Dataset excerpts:
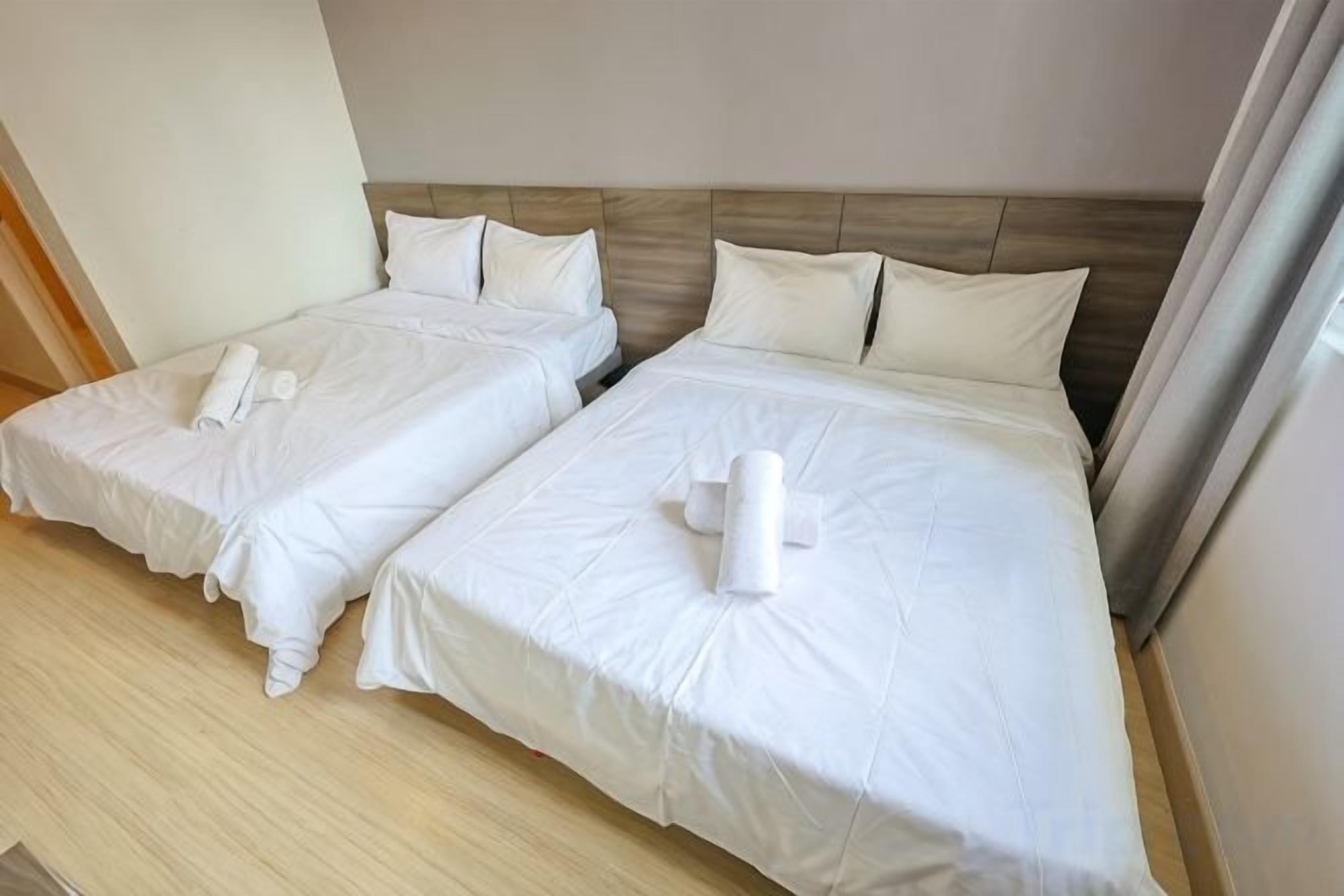 Two single beds with white linens and towels, a wooden headboard, and a neutral-colored wall.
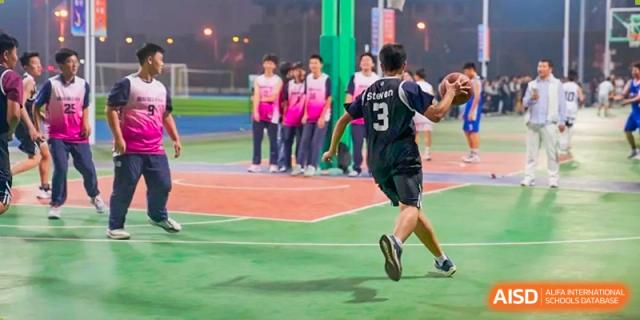 A student from Changjun Bilingual School Of Changsha City wearing a black jersey and running on a red track during a sports activity.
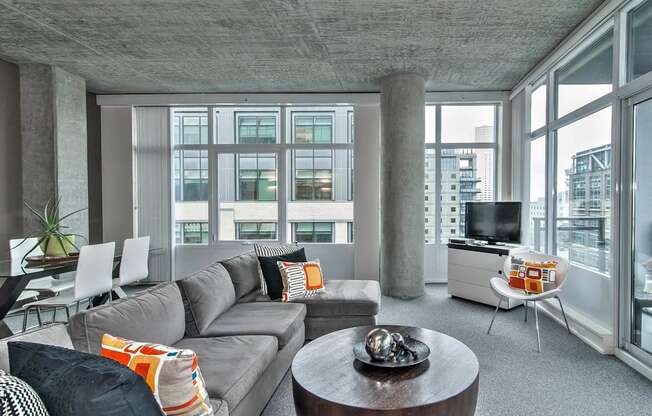 a living room with a gray couch and a tv in a room with large windows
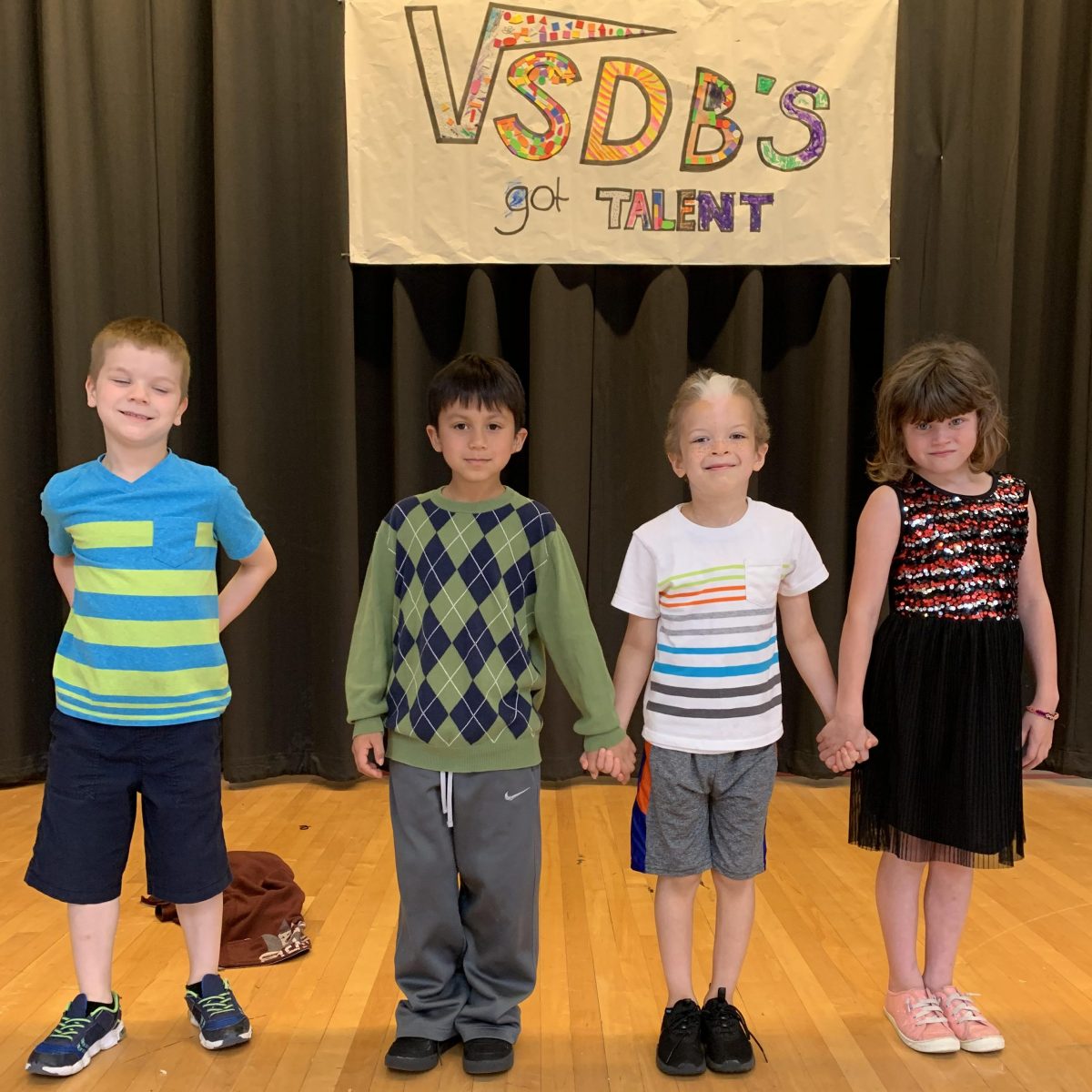 VSDB's Got Talent, 4 preschool students standing on stage with a handmade sign behind them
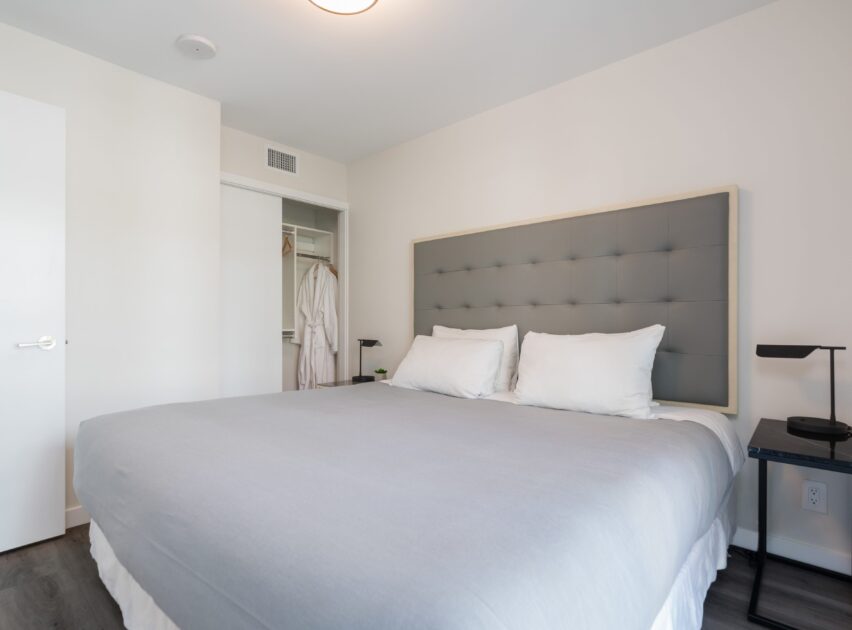 A tidy bedroom with a large bed featuring a gray tufted headboard, white and gray bedding, two black nightstands with lamps, an open closet with robes, and a white door. The room has white walls and a modern feel.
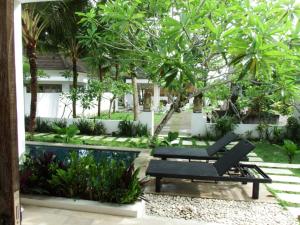 普卢坎Deepblue vila的一个带长凳和游泳池的花园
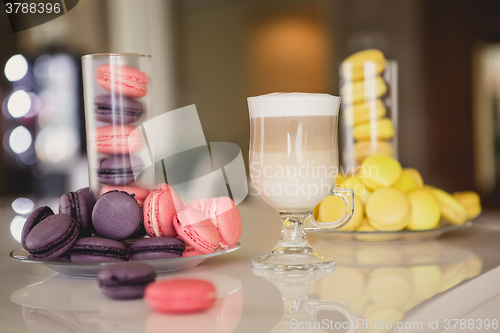 Image of Cup coffee in hotel with macaroons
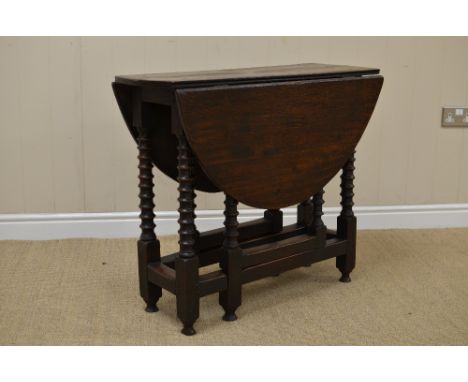 A 17th Century small oak oval Gate-leg Table on bobbin turned and square legs united by square stretchers, 2ft 10in x 3ft 6in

WORK ORDER: Skip every picture, and restate word for word only the lines above from the line containing "A tidy bedroom" to the line containing "Image of Cup coffee in hotel with macaroons", both of them included.

SOLUTION FOR THIS PROBLEM:
 A tidy bedroom with a large bed featuring a gray tufted headboard, white and gray bedding, two black nightstands with lamps, an open closet with robes, and a white door. The room has white walls and a modern feel.
 普卢坎Deepblue vila的一个带长凳和游泳池的花园
 Image of Cup coffee in hotel with macaroons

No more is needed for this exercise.